No pictures in the copy. Write out the listing below exactly.

**THE DATA:**
•••••

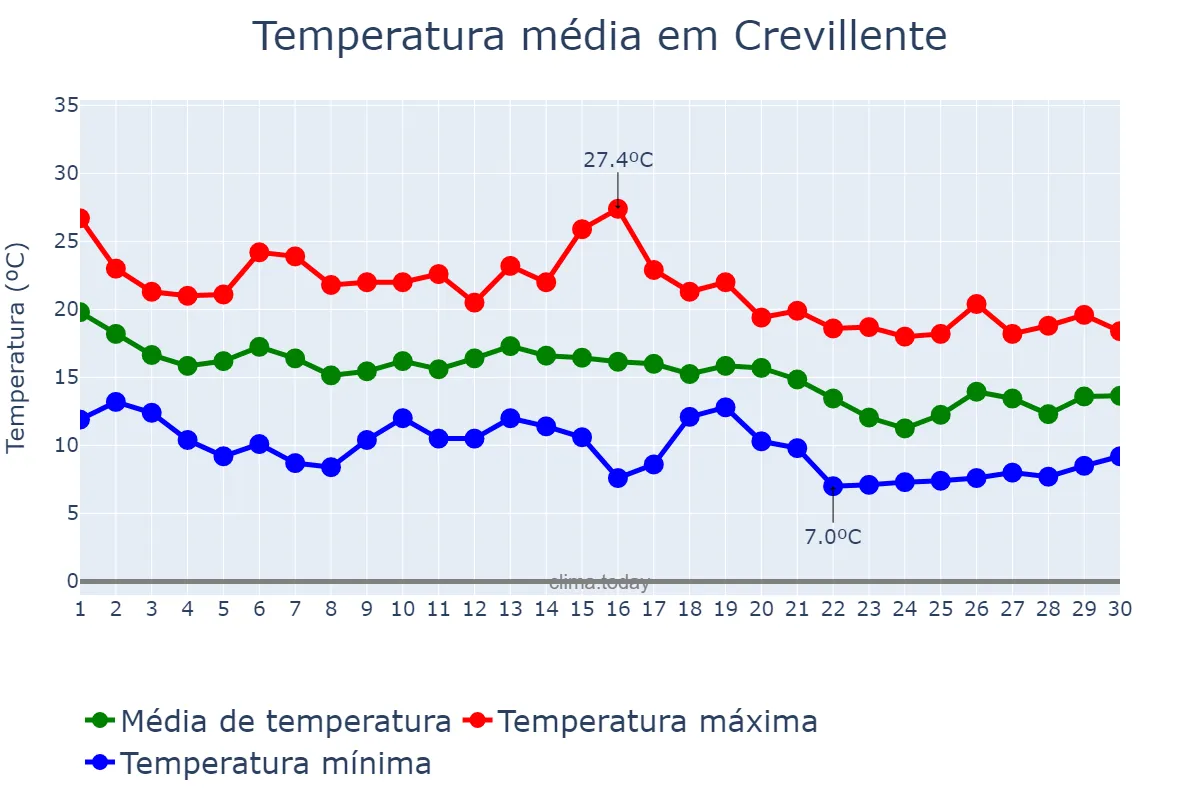 Temperatura em novembro em Crevillente, Valencia, ES
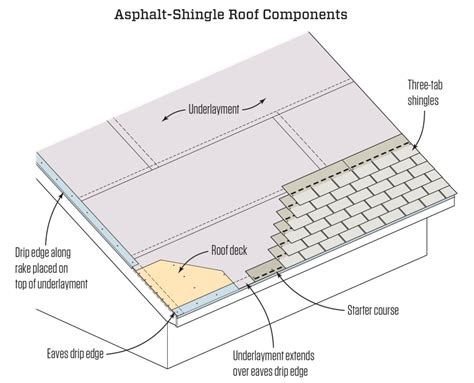 Starter Course Shingles
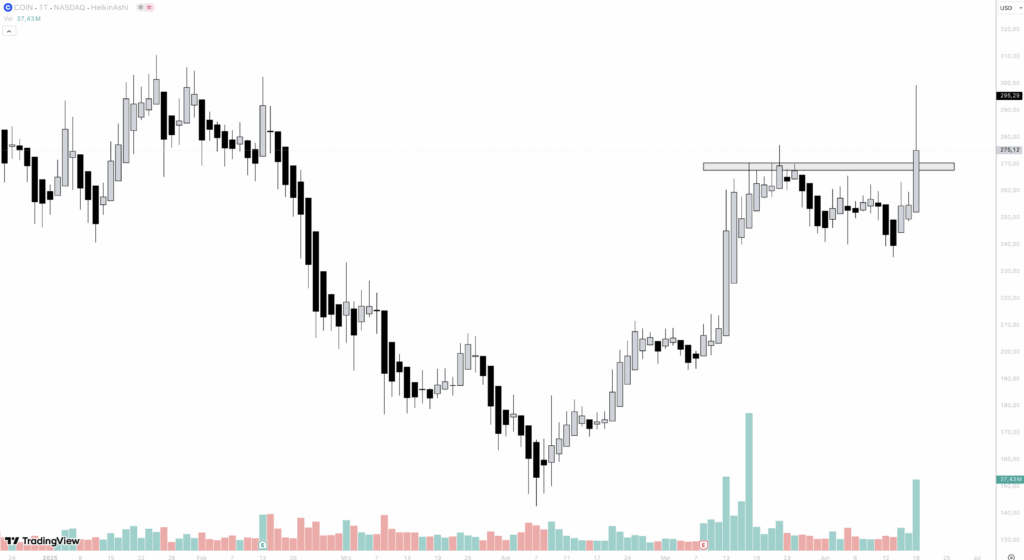 Coinbase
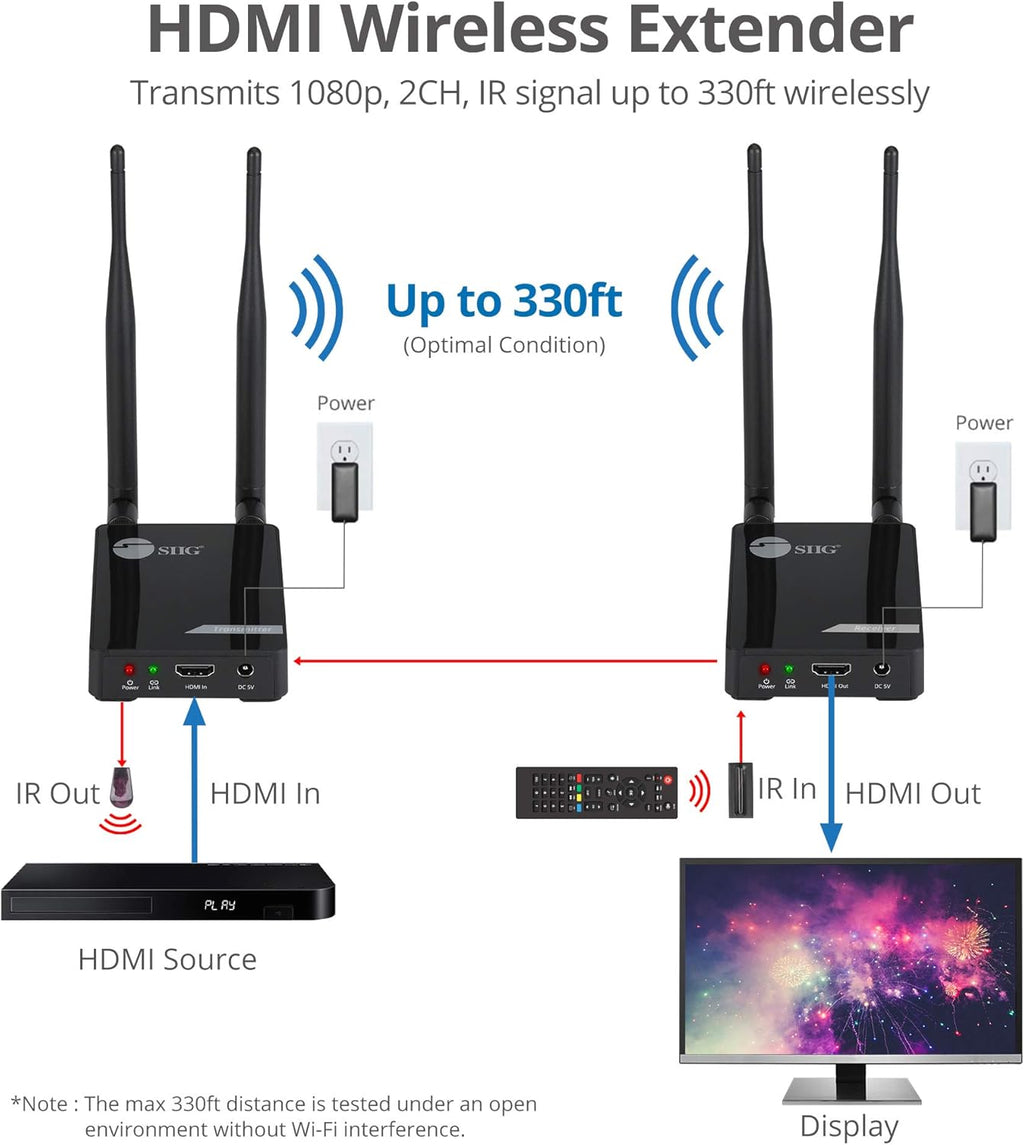 330ft 1080p Wireless HDMI Extender with IR Y521109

•••••

**WRITTEN ANSWER:**
 Temperatura em novembro em Crevillente, Valencia, ES
 Starter Course Shingles
 Coinbase
 330ft 1080p Wireless HDMI Extender with IR Y521109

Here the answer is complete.